On Thursday, Nordstrom Inc slashed its financial projection for the rest of the year after a first quarter that produced results that were worse than had been expected, as the retailer announced it needed larger discounts to clear out inventory.
The quarterly numbers are only the latest sign of the woes amongst retailers that are mall-based. Over the last few days Macy’s reported its worst sales for a quarter since the 2008 recession and Kohl’s posted a drop of 87% in profit as well as a decline that was unexpected in sales.
Nordstrom shares, which are down more than 41% over the last 12 months, fell another 17% in trading after hours on Thursday. Earlier on Thursday, shares set a new low of 52-weeks prior to closing.
The retailer has struggled to revamp its sales at its stores that are full price. It reported less profit in five of its last six quarter, including the most recent three quarters.

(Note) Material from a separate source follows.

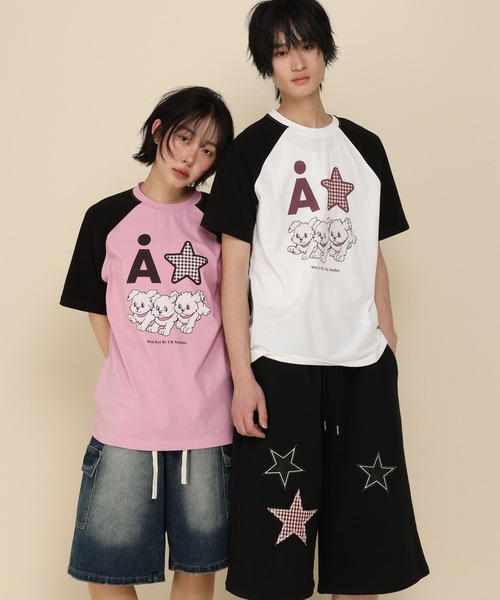 WaiKei(ワイケイ)の「【UNISEX】Wai Kei×ALAND/AロゴスターラグランTシャツ(Tシャツ/カットソー・レディース・ピンク/ライトブルー/アイボリー・MEDIUM/SMALL)」の7枚目の写真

The co-president of the company Blake Nordstrom said the results for the first quarter had been hurt by sales that were lower than had been expected. He added that as a result of that the company made more adjustments to its plans of inventory and expenses.
Amongst other actions, Nordstrom said it was planning to launch a bigger loyalty program with a target of adding 5 million clients.
For the full year, the retailer, based in Seattle, projects a per share profit of between $2.50 and $2.70, with sales growing by between 2.5% and 4.5%, compared to its forecast earlier of between $3.10 and $3.35 per share earnings and sales growth of between $3.5 % and 5.5%.
The retailer is projecting now that its comparable sales, which are sales from stores, open a minimum of one year and its online sales will range between a drop of 1% and an increase of 1%, down from a prior forecast of between flat and an increase of 2%.
Overall, sales during the quarter, which ended on April 30, were up 2.5% from the same period last year, while sales at comparable stores dropped by 1.7%. Analysts were projecting an increase of 0.1% in comparable sales.
However, sales at Nordstrom’s stores that are full price, which represent the majority of sales, dropped by 2.25, with comparable sales for those same stores dropping a disappointing 4.3%.
At the same time, sales at its discount stores HauteLook and Nordstrom Rack were up close to 12%, with an improvement of 4.6% in comparable sales.
Overall, profit for Nordstrom was $46 million equal to 26 cents per share in comparison to last year during the same quarter of $128 million equal to 66 cents per share.